The affordable pricing of the 2017 Toyota Yaris iA almost led me to focus this review on the luxury features it doesn’t have. But this A-to-B subcompact sedan, featuring a 1.5 liter four-cylinder engine with 106 horsepower, surprised me with how much it had to offer.
It boasts a hosts of standard features most drivers expect in new vehicles, including: tilt/telescopic steering wheel with audio controls, cruise control and power windows, locks and exterior mirrors, rear view back up camera, and a low-speed pre-collision safety system. It also comes standard with front side airbags and curtain airbags to help protect front and rear seat occupants as well as the turn signal indicators on the side mirrors.
Not shabby at all.
The iA is available in six-speed manual or six-speed automatic transmission. For my test drive, I shifted the manual into the high 70s on the highway with no problem. The fabric-trimmed seats, with adjustable headrests in the front and back, had just enough of a bucket seat design to make me feel confident tackling curves, which I did often. The tighter the curve, the more control the car seemed to possess.

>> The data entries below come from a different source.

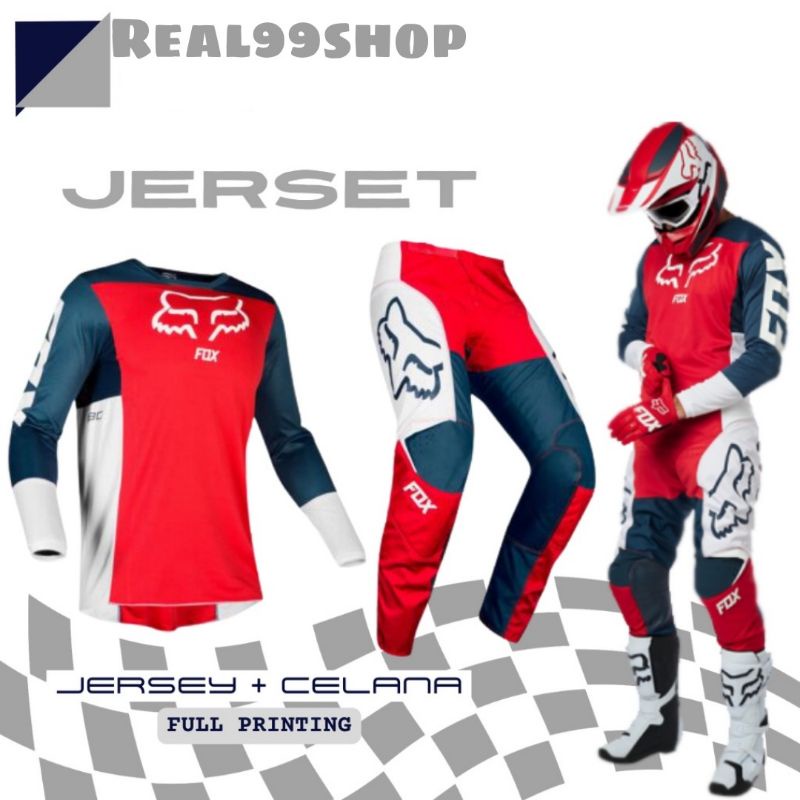 Setelan Jersey set Motor Cross Jerset Trail Stelan Baju celana Motocross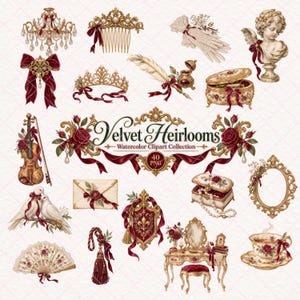 Puede incluir: Una colección digital de ilustraciones en acuarela titulada Velvet Heirlooms, que incluye una lámpara de araña, un peine, guantes de encaje, un busto de querubín, una tiara, una pluma, un joyero, un violín, un sobre y un espejo.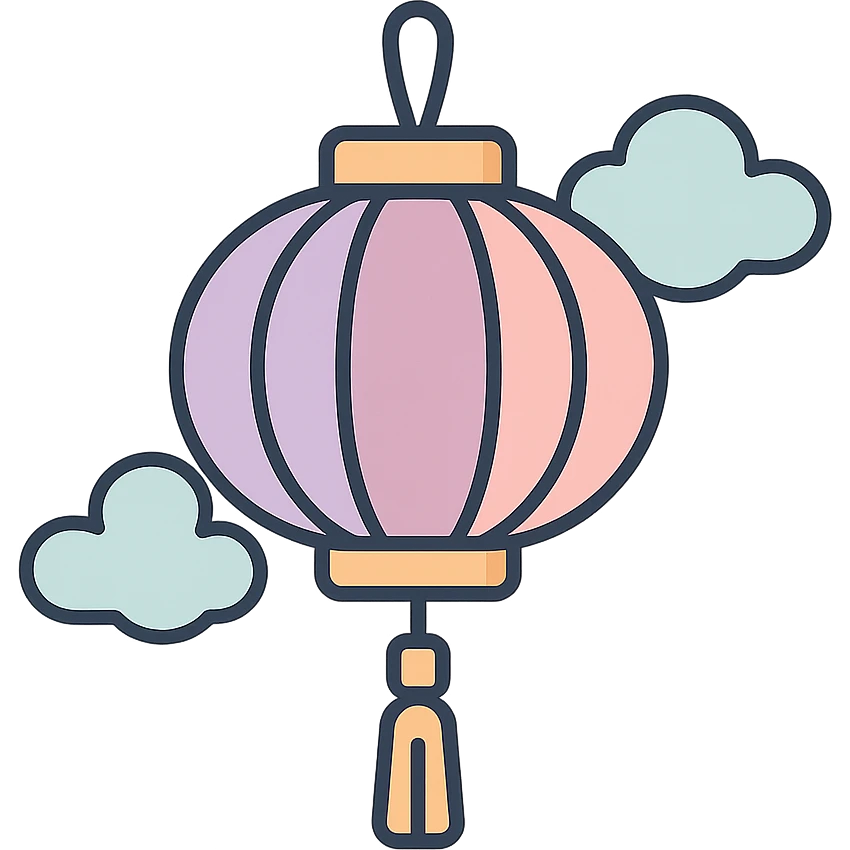 Chinese lantern with tassel and clouds, thin clean outlines, soft rounded shapes, pastel palette #98B5BC, #B5B3C1, #C9A3C9, #E4C0CA, #F7DCD1, #F7C0AA, modern Japanese pop art and sticker aesthetic, detailed shadows and highlights, soft lighting, transparent background emoji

The pulse-colored body on 16-inch allow wheels is accented with hexagon lower grille, sharply angled headlights, piano black bumper treatment, and chrome grille surround. Wrapping up the design nicely is the chrome tailpipe. On the inside, the 7-inch touch screen display has most features a driver expects, but using it took some adjusting. I preferred to use the button located between the front seats to navigate the crafty menu. There is no standard navigation system. No worries. I’m not afraid to stop to get directions or plan ahead for my trip.
I did miss having the storage space that usually accompanies the center armrest. There is none. The center area however does include a few strategic storage spaces and tech necessities, including the USB ports and auxiliary. I appreciated the remote keyless entry, but missed the proximity feature.
Basically, I was required to physically push a button on the smart key to open all doors, including the trunk door. In other words, throwing the smart key in my pocket or purse and forgetting about it was not an option. None of the doors unlocked with my mere presence. And there is no button on the trunk door itself for me to push. Sigh. But once open, the trunk was spacious and could be expanded even more with the 60/40 split rear seat.
The lock/unlock issue extended to my passengers who at times thought they were being “held hostage.” They could not easily unlock their doors to get out once I parked the car. The lever was available to them, but they chose to wait for me to hit the driver’s unlock button, opening the doors for everyone. People, sometimes…sigh.
2017 Toyota Yaris iA MSRP $15,950; Combined City/Highway MPG: 34.